» **Exercise objective**: Please output exactly the part of the records below that opens with the line containing "People gathered outdoors" and closes with the line containing "VHF radio antenna", both lines included, and nothing else.
Listed entries section start
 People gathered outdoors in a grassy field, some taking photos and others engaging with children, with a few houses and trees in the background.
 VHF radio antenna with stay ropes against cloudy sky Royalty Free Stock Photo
Listed entries section end
Listed entries section start
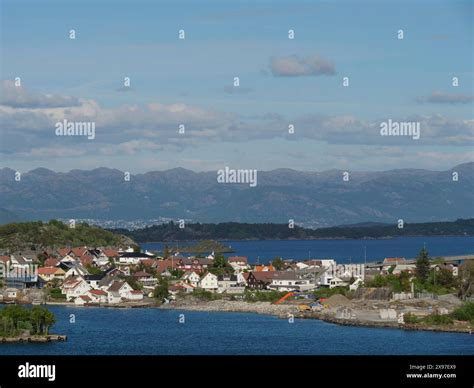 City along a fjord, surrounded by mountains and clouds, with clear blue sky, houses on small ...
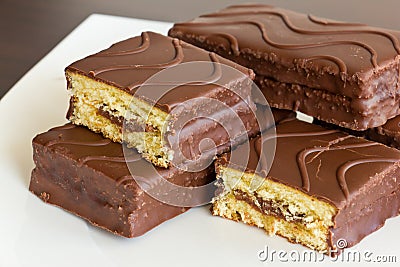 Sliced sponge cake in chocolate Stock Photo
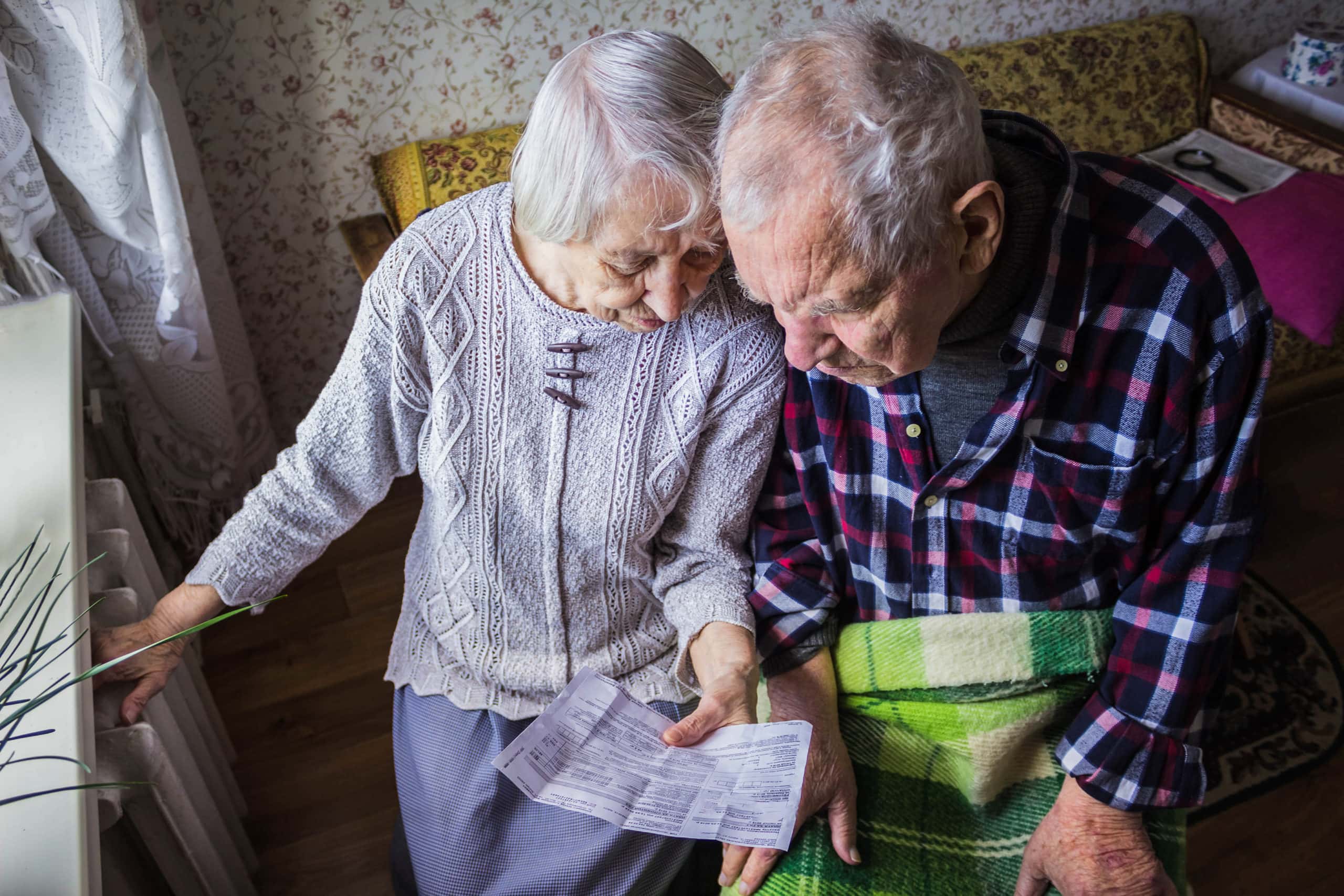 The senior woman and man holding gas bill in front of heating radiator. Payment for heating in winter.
Listed entries section end
» **Answer section**:
 People gathered outdoors in a grassy field, some taking photos and others engaging with children, with a few houses and trees in the background.
 VHF radio antenna with stay ropes against cloudy sky Royalty Free Stock Photo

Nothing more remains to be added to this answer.